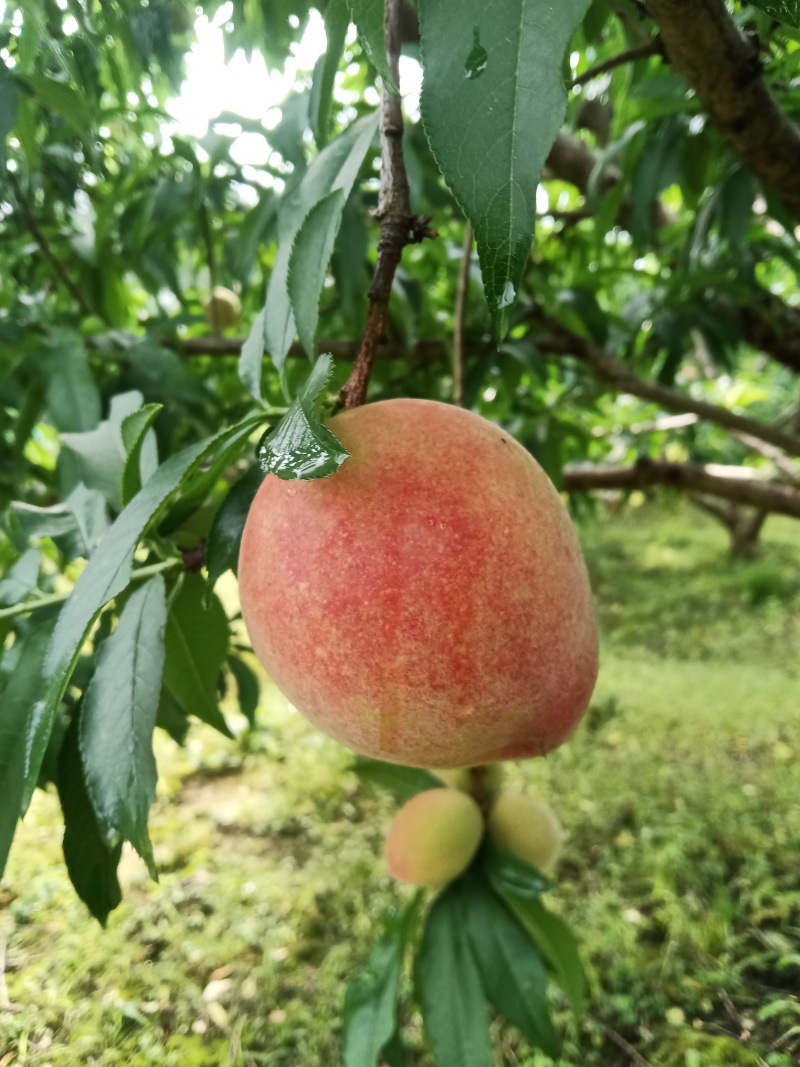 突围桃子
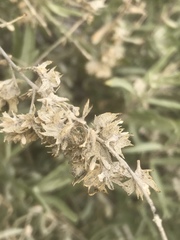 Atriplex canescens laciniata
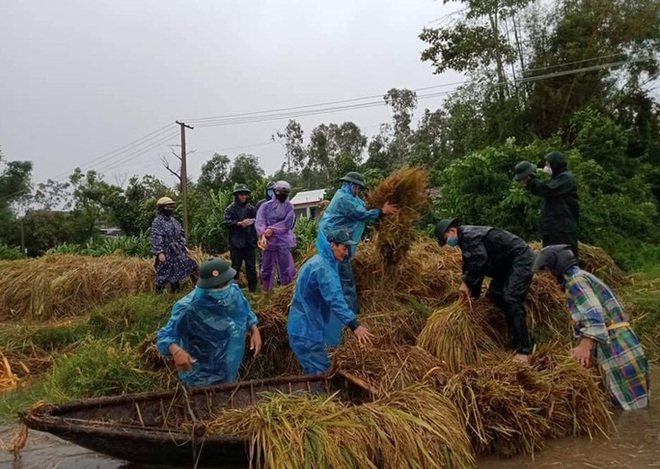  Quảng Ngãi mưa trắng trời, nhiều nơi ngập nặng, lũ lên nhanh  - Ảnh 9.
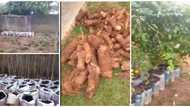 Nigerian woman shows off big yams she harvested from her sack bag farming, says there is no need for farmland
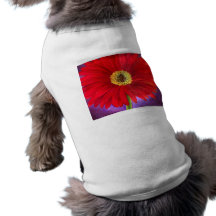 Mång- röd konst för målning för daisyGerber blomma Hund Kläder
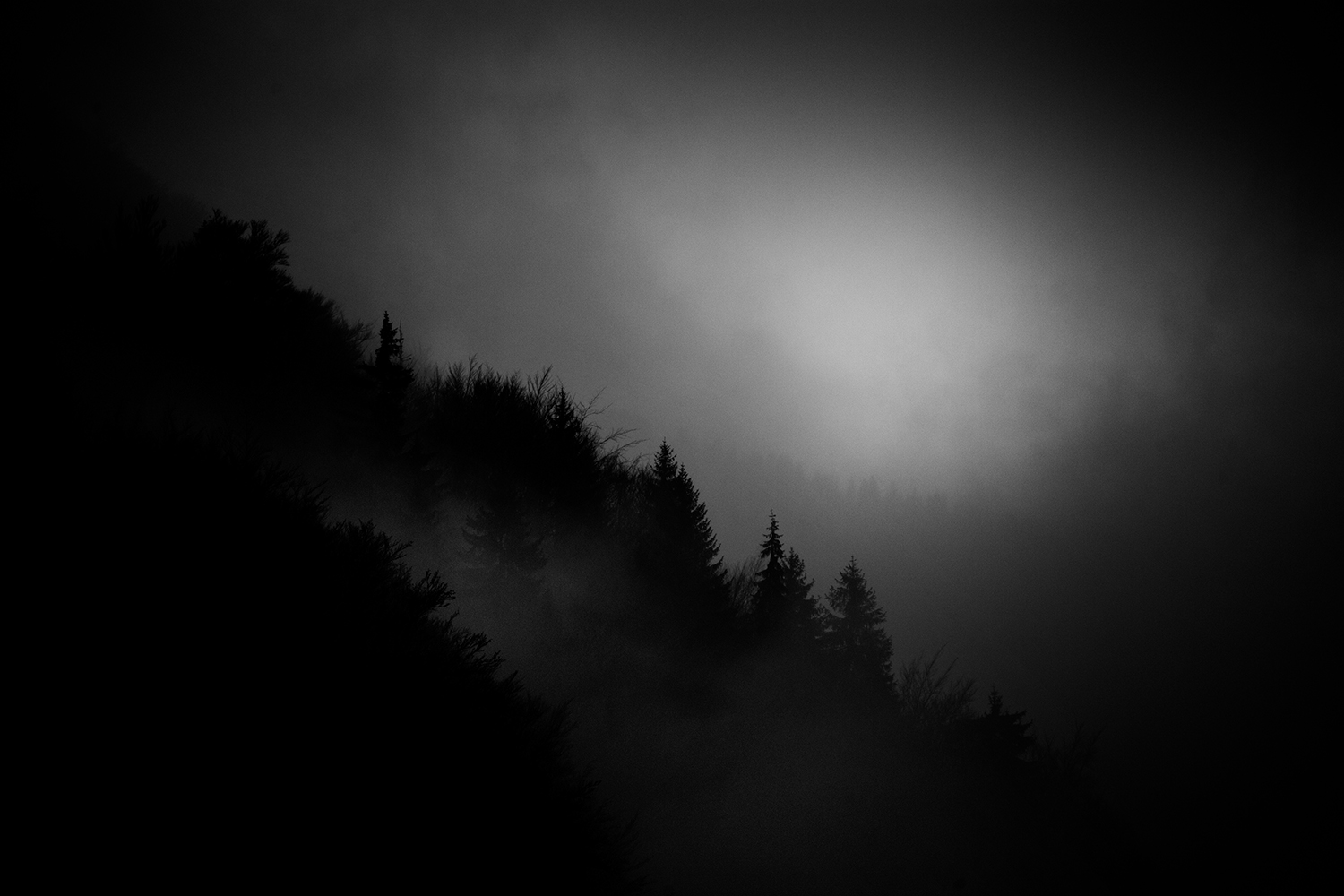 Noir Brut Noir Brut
◆ ◆ ◆
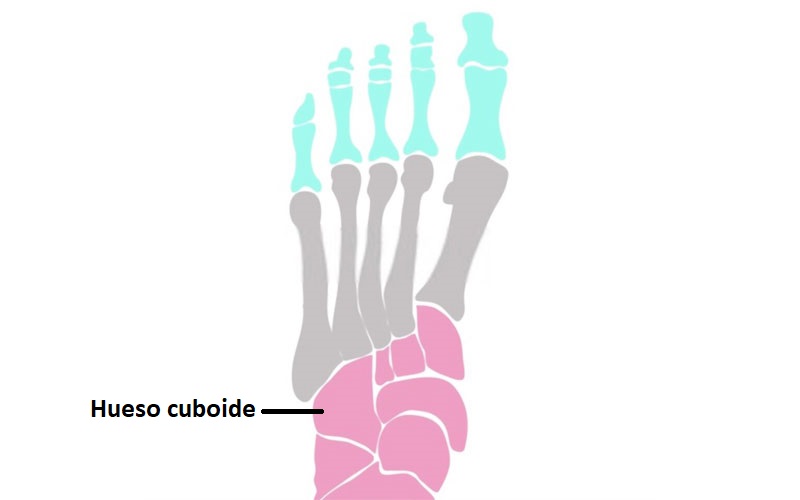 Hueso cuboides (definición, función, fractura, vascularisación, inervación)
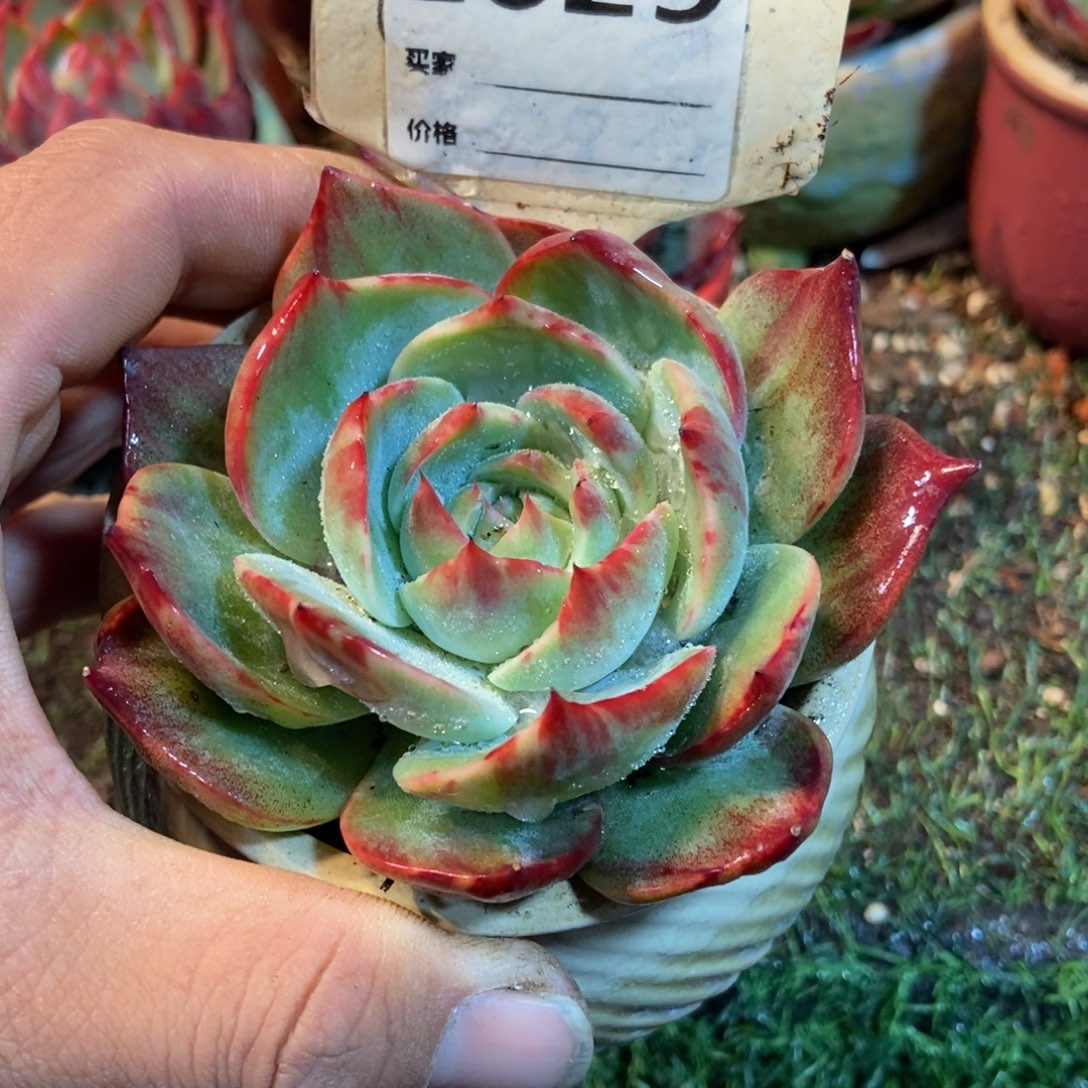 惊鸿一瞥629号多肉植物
◆ ◆ ◆
__Assigned task__
Exact copy, pictures excluded: every line above from the one containing "Mång- röd konst" to the one containing "Noir Brut Noir Brut", inclusive, and nothing more.

__Response__
 Mång- röd konst för målning för daisyGerber blomma Hund Kläder
 Noir Brut Noir Brut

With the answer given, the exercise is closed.